» PROBLEM STATEMENT
Word for word, copy the data that follows and skip its pictures.

━━━ STORED DATA ━━━

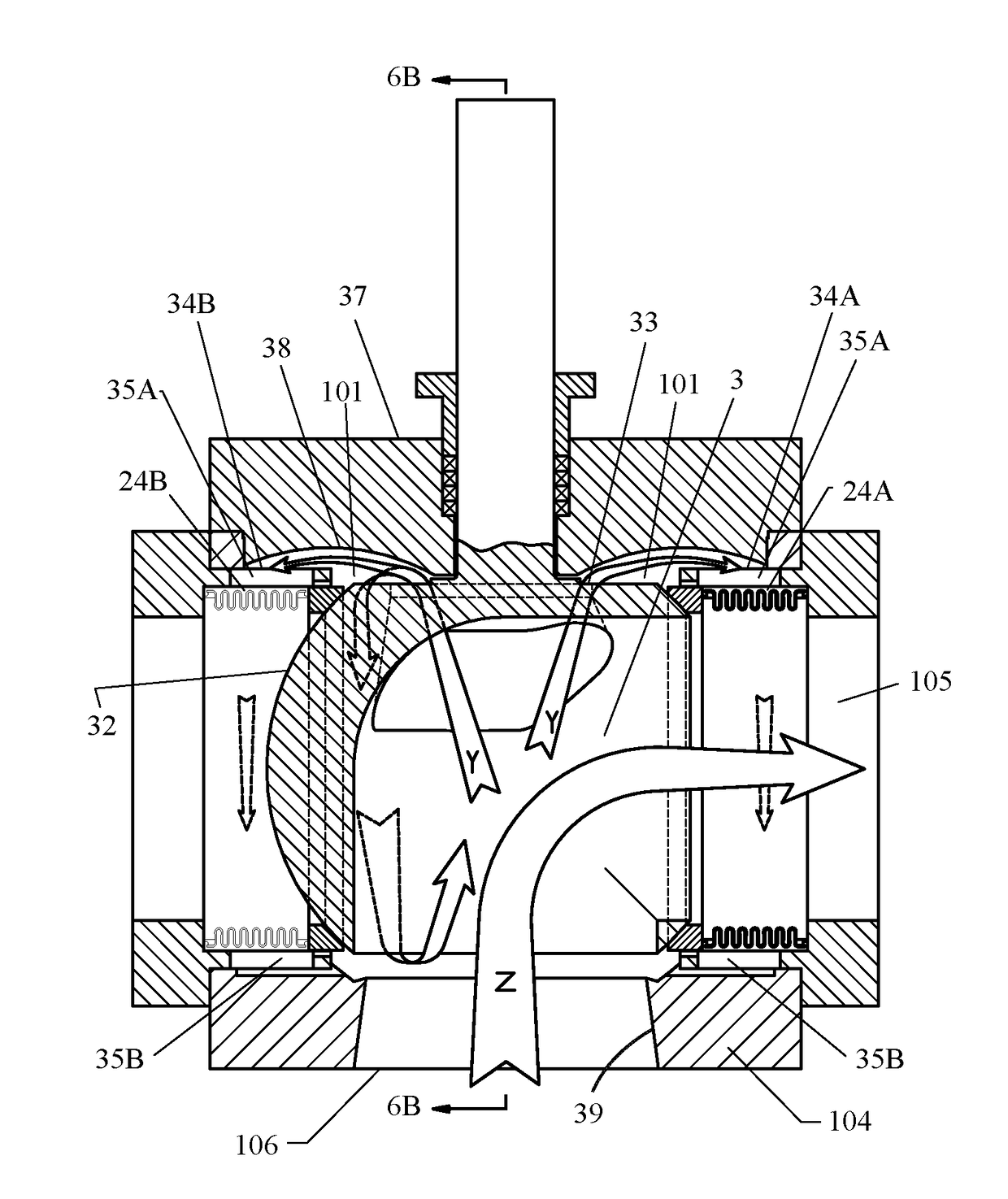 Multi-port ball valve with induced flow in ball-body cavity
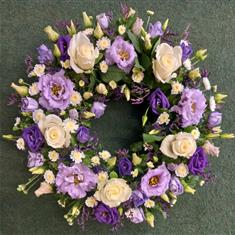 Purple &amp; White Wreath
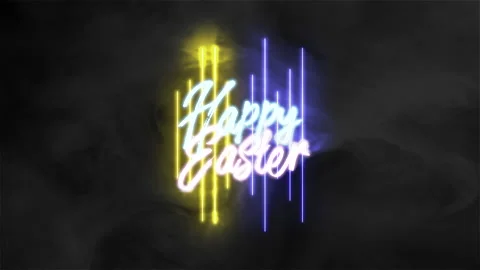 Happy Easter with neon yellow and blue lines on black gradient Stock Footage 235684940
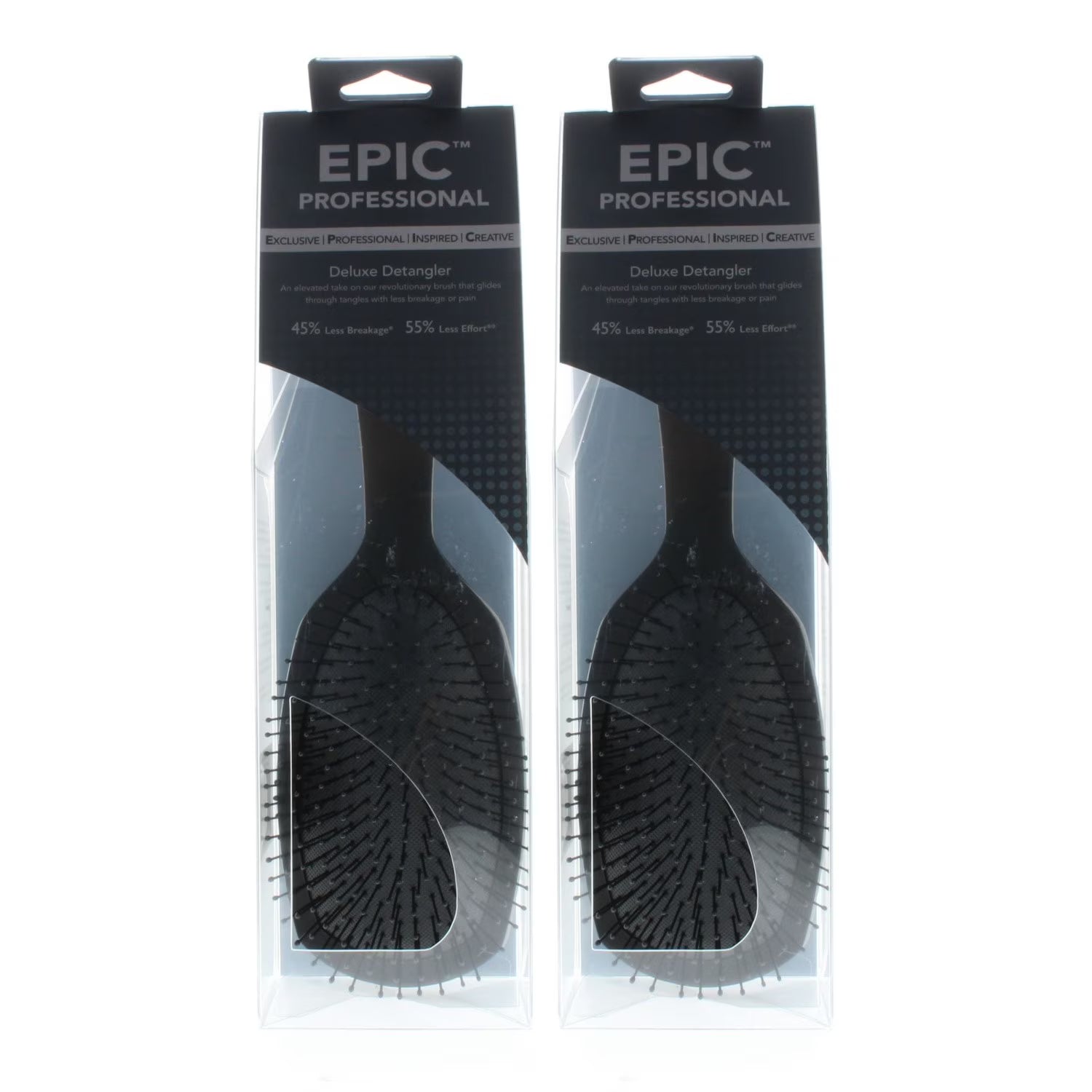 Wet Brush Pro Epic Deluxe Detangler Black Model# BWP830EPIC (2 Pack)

━━━

» THE COMPLETED TASK
 Multi-port ball valve with induced flow in ball-body cavity
 Purple &amp; White Wreath
 Happy Easter with neon yellow and blue lines on black gradient Stock Footage 235684940
 Wet Brush Pro Epic Deluxe Detangler Black Model# BWP830EPIC (2 Pack)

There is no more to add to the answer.